# Multiple and Polynomial Regression

[Resource](https://harvard-iacs.github.io/2018-CS109A/labs/lab-4/solutions/)

In [2]:
import numpy as np
import pandas as pd
import matplotlib.pyplot as plt

import statsmodels.api as sm
from statsmodels.api import OLS
from sklearn import preprocessing
from sklearn.metrics import r2_score
from sklearn.model_selection import train_test_split

from pandas.plotting import scatter_matrix

import seaborn as sns

%matplotlib inline

# Learning Goals

* Implement arbitrary multiple regression models in both sklearn and statsmodels.
* Interpret the coefficient estimates produced by each model, including transformed and dummy variables.

`statsmodels` is focused on the **inference task**: guess good values for the betas and discuss how certain you are in those answers.

`sklearn` is focused on the **prediction task**: Given new data, guess what the response value is.
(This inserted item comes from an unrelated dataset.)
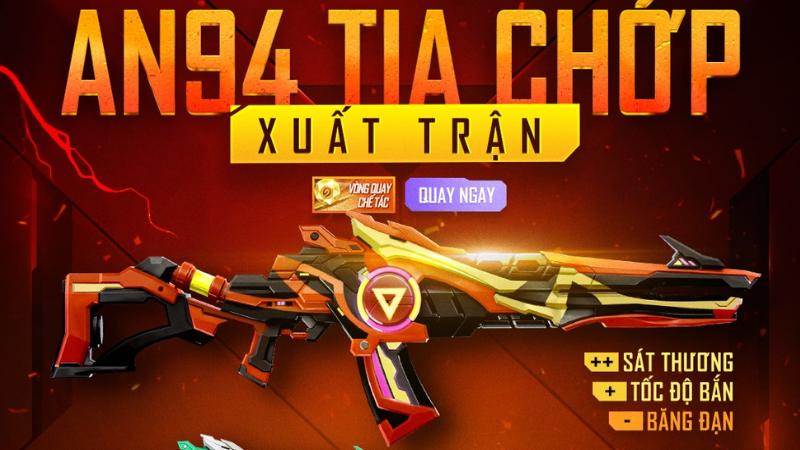 Skin súng mạnh nhất trong Free Fire - AN94 Tia Chớp Rực Lửa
As a result, `statsmodels` has lots of tools to discuss confidence, but isn't great at dealing with test sets. `sklearn` is great at test sets and validations, but can't really discuss uncertainty in the parameters or predictions. In short:
* `sklearn` is about putting a line through it and predicting new values using that line. If the line gives good predictions on the test set, who  cares about anything else?
* `statsmodels` assumes more about how the data were generated, and (if the assumptions are correct) can tell you about uncertainty in the results.

## Some terms
* **R-squared**: An interpretable summary of how well the model did. 1 is perfect, 0 is a trivial baseline model, negative is worse than the trivial model.
* **F-statistic**: A value testing whether we're likely to see these results (or even stronger ones) if none of the predictors actually mattered.
* **Prob (F-statistic)**: The probability that we'd see these results (or even stronger ones) if none of the predictors actually mattered. If this probability is small then either A) some combination of predictors actually matters of B) something rather unlikely has happened.
* **coef**: The estimate of each beta. This has several components:
    * **std err**: The amount we'd expect this value to wiggle if we re-did the data collection and re-ran our model. More data tends to make this wiggle smaller, but sometimes the collected data just isn't enough to pin down a particular value.
    * **t and P>|t|**: Similar to the F-statistic, these measure the probability of seeing coefficients this big (or even bigger) if the given variable didn't actually matter. Small probability doesn't necessarily mean the value matters.
    * **[0.025 0.975]**: Endpoints of the 95% confidence interval. This is an interval drawn in a clever way and which gives us an idea of where the true beta value might plausibly live.